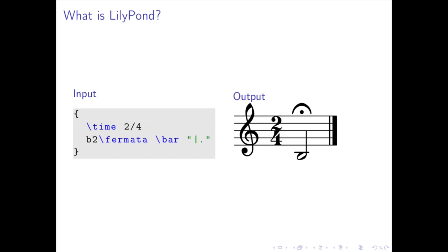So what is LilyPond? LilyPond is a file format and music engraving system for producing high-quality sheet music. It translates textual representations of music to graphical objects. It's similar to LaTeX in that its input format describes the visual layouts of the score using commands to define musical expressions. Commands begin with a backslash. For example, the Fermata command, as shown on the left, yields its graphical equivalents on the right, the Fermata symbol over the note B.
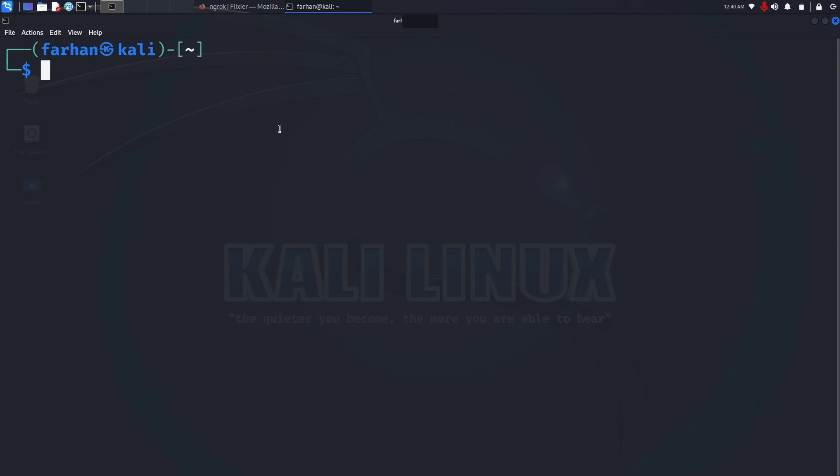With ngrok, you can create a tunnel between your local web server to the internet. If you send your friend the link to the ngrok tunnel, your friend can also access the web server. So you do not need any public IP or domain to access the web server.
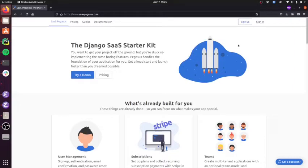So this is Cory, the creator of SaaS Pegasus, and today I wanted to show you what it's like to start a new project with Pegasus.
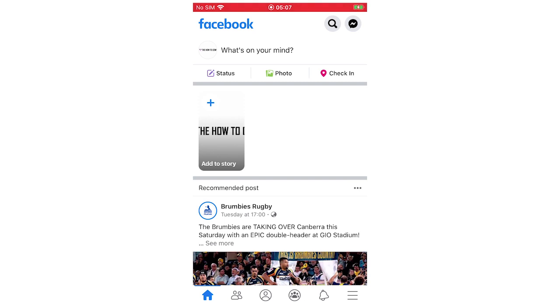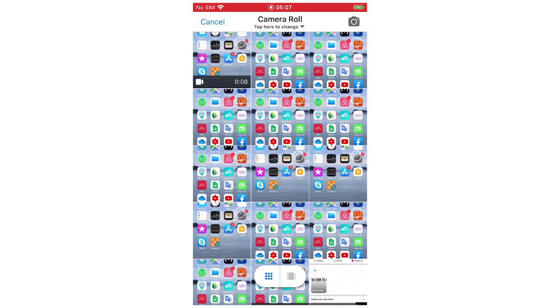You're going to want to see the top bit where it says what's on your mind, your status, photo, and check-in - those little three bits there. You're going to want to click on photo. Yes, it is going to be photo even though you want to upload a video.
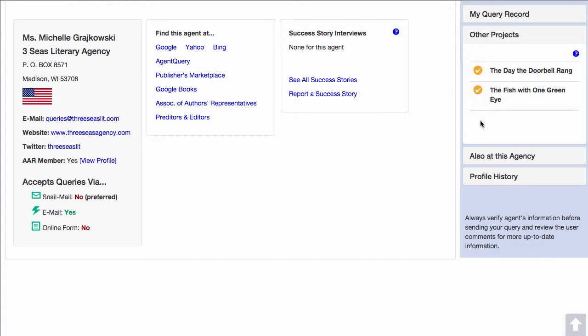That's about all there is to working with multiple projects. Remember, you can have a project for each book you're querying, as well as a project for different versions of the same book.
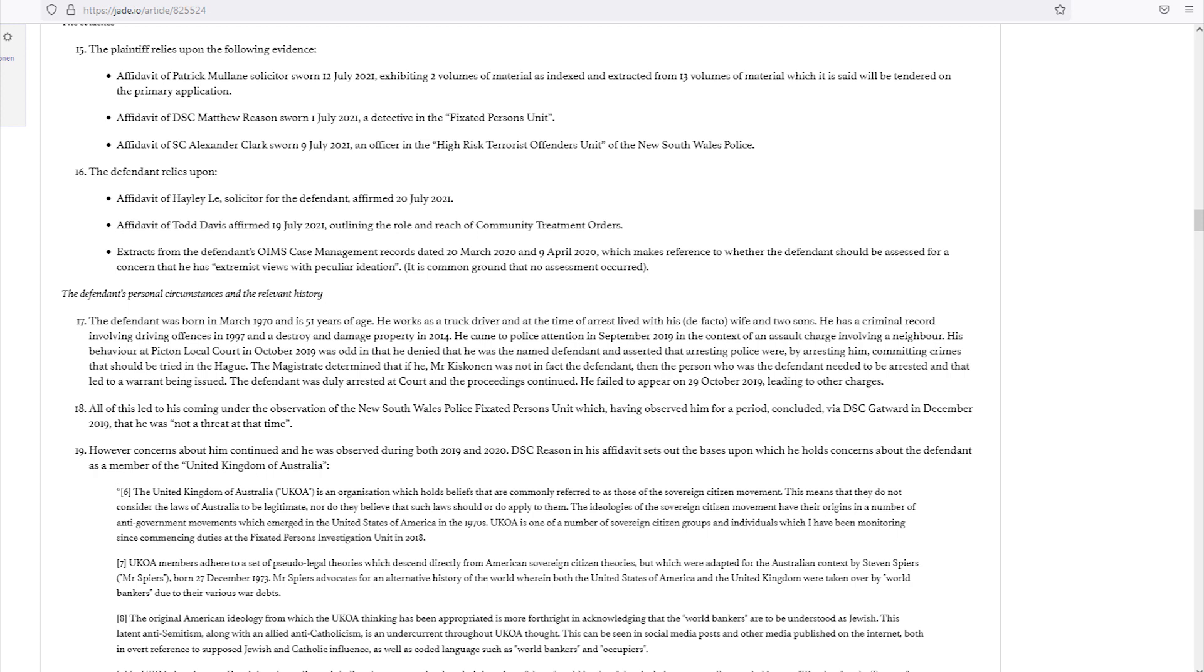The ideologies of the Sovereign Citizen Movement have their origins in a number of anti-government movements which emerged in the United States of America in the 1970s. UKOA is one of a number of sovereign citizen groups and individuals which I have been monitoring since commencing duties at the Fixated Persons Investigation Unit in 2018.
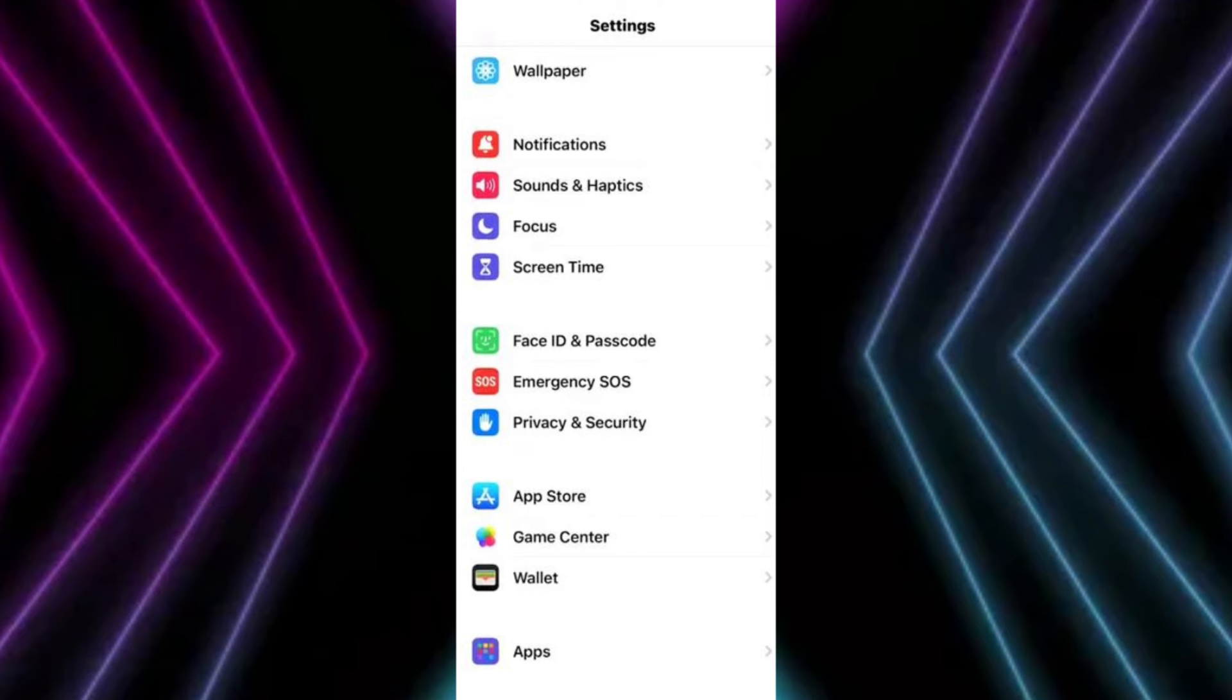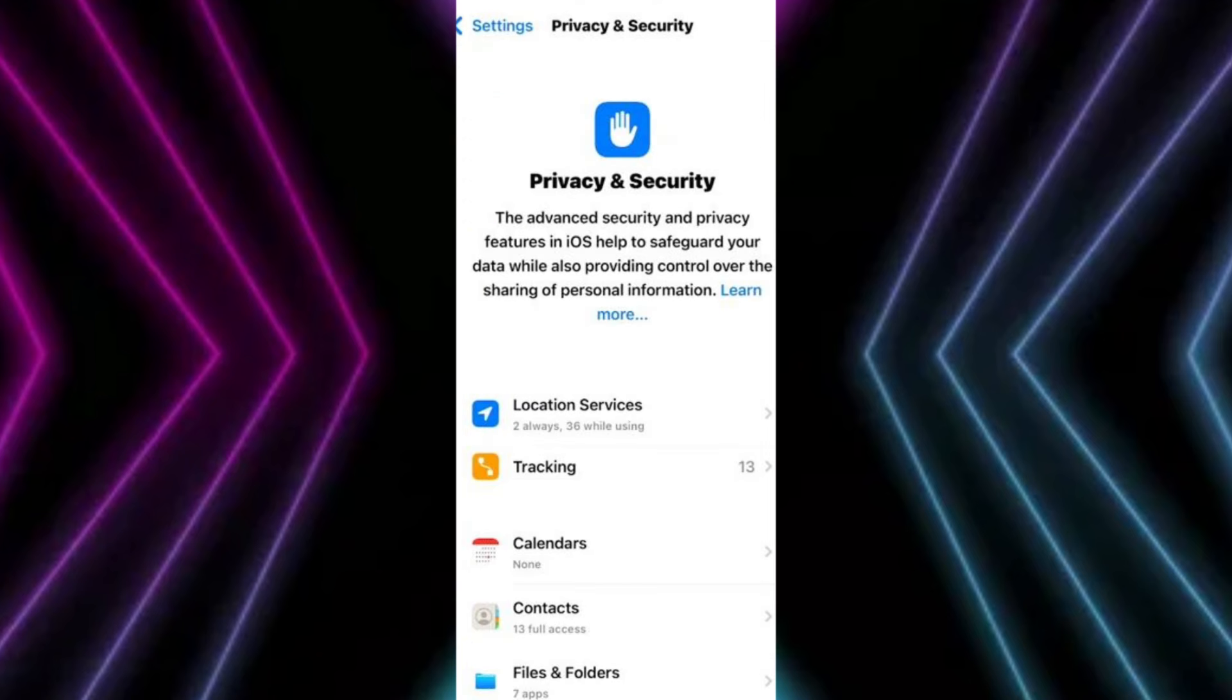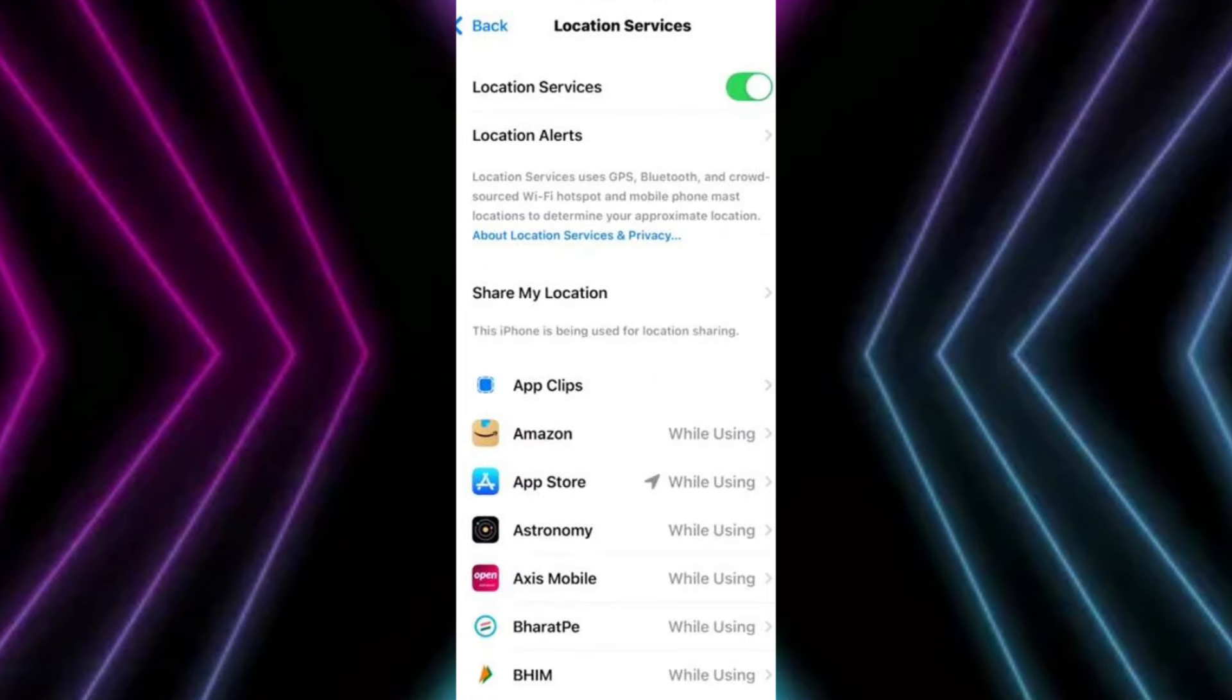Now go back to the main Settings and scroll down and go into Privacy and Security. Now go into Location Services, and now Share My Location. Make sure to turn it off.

============

Instructions to follow - Beginning with the line in which "That's about all" appears, repeat exactly each line down to the close of the material, leaving every picture out.

Answer box -
That's about all there is to working with multiple projects. Remember, you can have a project for each book you're querying, as well as a project for different versions of the same book.
The ideologies of the Sovereign Citizen Movement have their origins in a number of anti-government movements which emerged in the United States of America in the 1970s. UKOA is one of a number of sovereign citizen groups and individuals which I have been monitoring since commencing duties at the Fixated Persons Investigation Unit in 2018.
Now go back to the main Settings and scroll down and go into Privacy and Security. Now go into Location Services, and now Share My Location. Make sure to turn it off.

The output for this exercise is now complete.